--- Input Enclosed Below ---

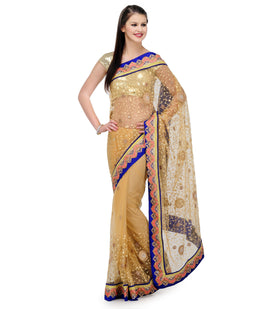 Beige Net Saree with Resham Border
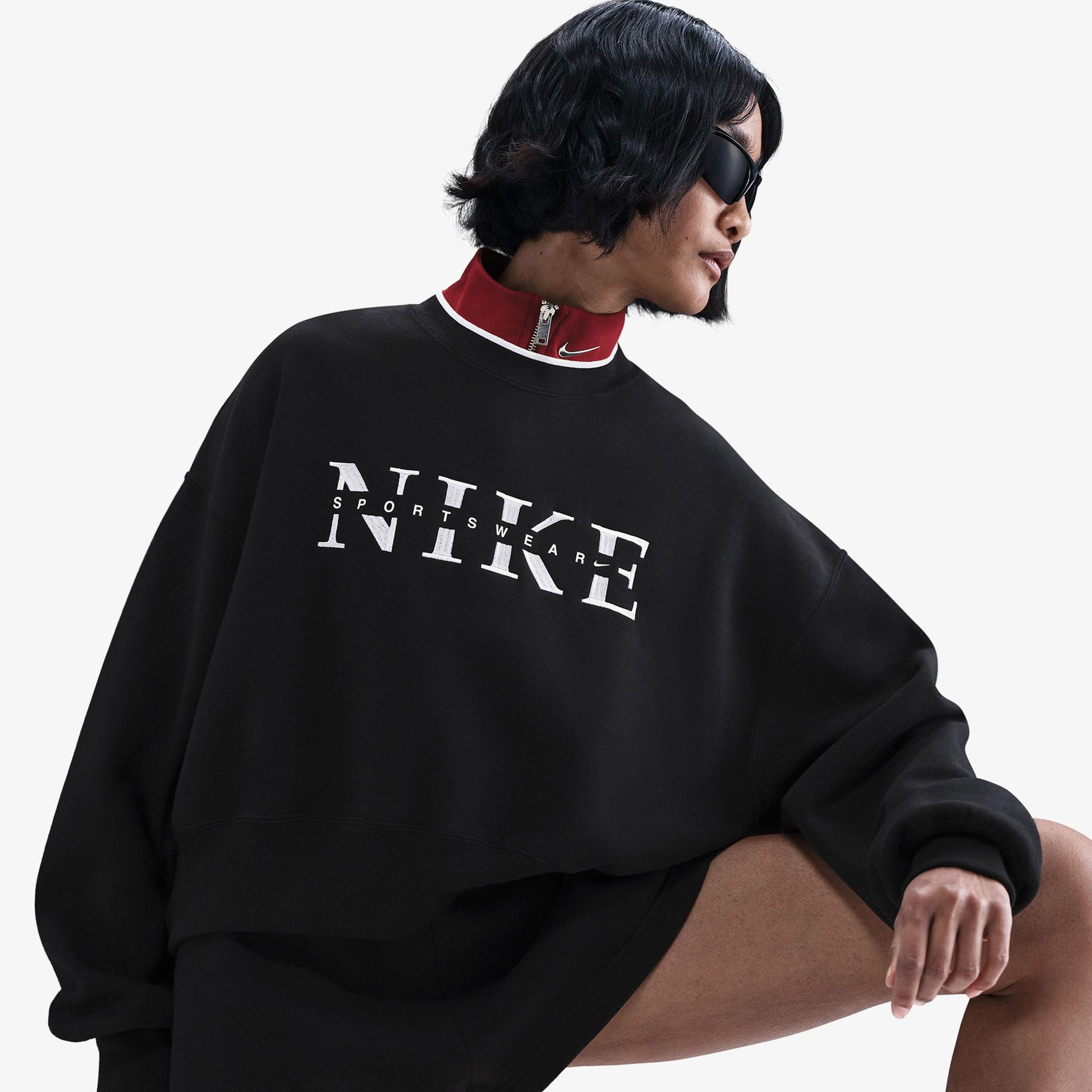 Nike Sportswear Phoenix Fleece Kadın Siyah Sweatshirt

--- End of Enclosed Input ---
--- Input Enclosed Below ---

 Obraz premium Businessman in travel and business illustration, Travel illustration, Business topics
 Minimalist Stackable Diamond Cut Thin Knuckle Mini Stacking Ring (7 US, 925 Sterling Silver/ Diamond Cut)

--- End of Enclosed Input ---
--- Input Enclosed Below ---

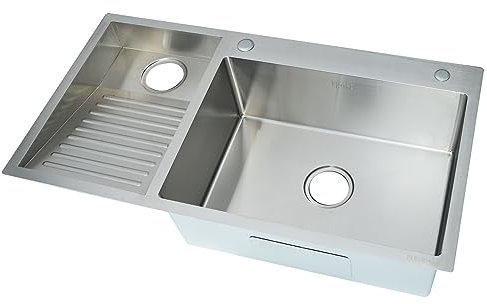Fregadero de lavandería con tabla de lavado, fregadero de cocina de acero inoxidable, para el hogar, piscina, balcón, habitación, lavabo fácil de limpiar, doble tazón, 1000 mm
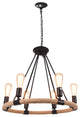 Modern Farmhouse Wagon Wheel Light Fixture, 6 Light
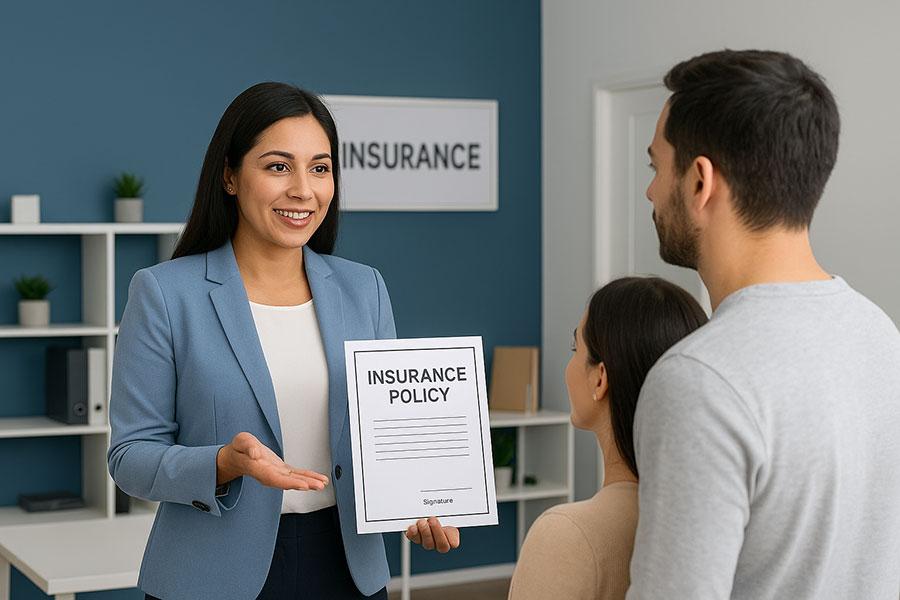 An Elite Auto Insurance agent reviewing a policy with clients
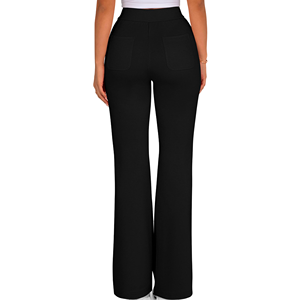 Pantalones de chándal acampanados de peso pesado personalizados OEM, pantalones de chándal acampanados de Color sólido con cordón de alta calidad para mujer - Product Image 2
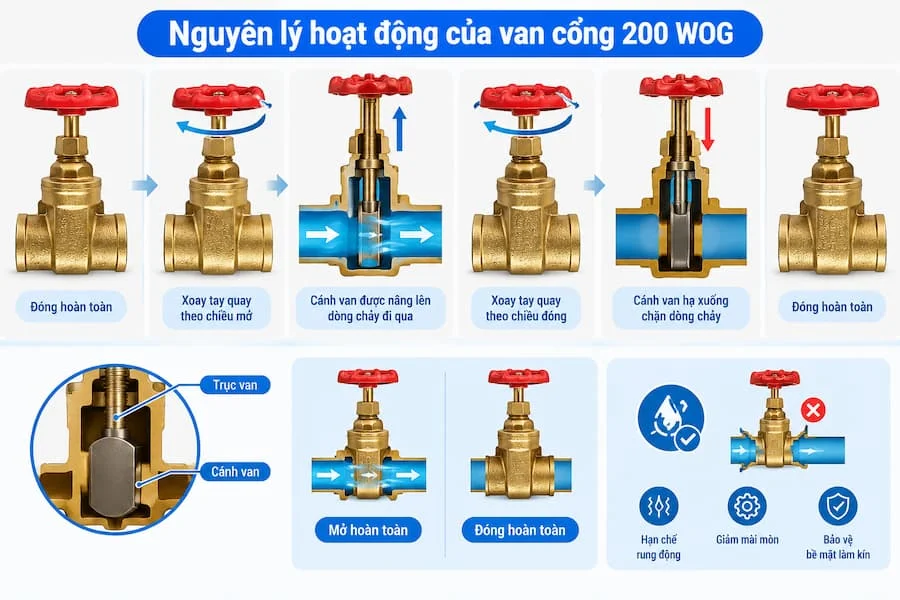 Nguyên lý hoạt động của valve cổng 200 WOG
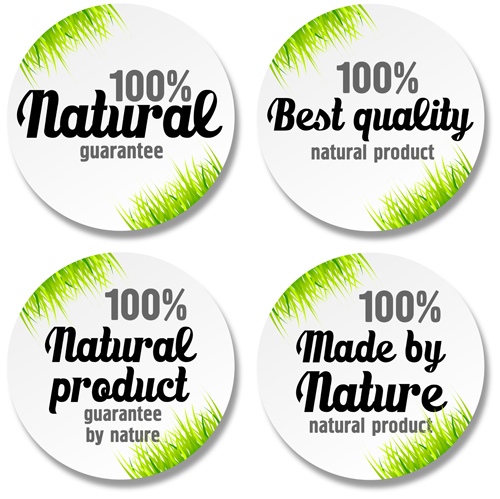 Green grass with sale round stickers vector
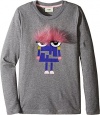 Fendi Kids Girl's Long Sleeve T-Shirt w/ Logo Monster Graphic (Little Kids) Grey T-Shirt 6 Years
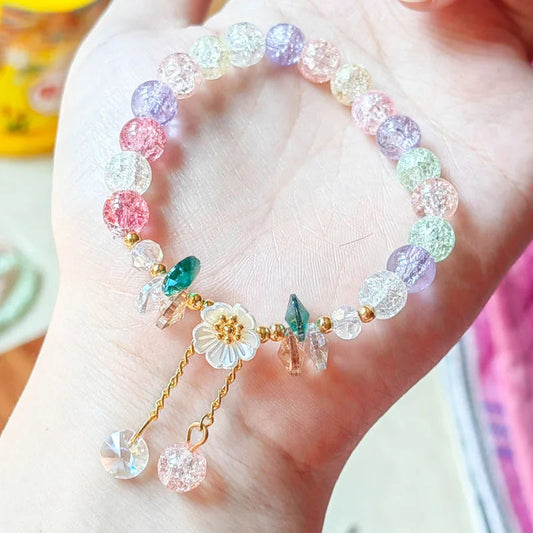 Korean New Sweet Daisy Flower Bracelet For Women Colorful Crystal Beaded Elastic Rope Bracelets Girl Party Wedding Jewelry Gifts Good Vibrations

--- End of Enclosed Input ---

== Task statement ==
Your answer should be the exact lines above from the one containing "Modern Farmhouse Wagon" through the one containing "Korean New Sweet", with both end lines kept and the pictures removed, please.

== Solution to this problem ==
 Modern Farmhouse Wagon Wheel Light Fixture, 6 Light
 An Elite Auto Insurance agent reviewing a policy with clients
 Pantalones de chándal acampanados de peso pesado personalizados OEM, pantalones de chándal acampanados de Color sólido con cordón de alta calidad para mujer - Product Image 2
 Nguyên lý hoạt động của valve cổng 200 WOG
 Green grass with sale round stickers vector
 Fendi Kids Girl's Long Sleeve T-Shirt w/ Logo Monster Graphic (Little Kids) Grey T-Shirt 6 Years
 Korean New Sweet Daisy Flower Bracelet For Women Colorful Crystal Beaded Elastic Rope Bracelets Girl Party Wedding Jewelry Gifts Good Vibrations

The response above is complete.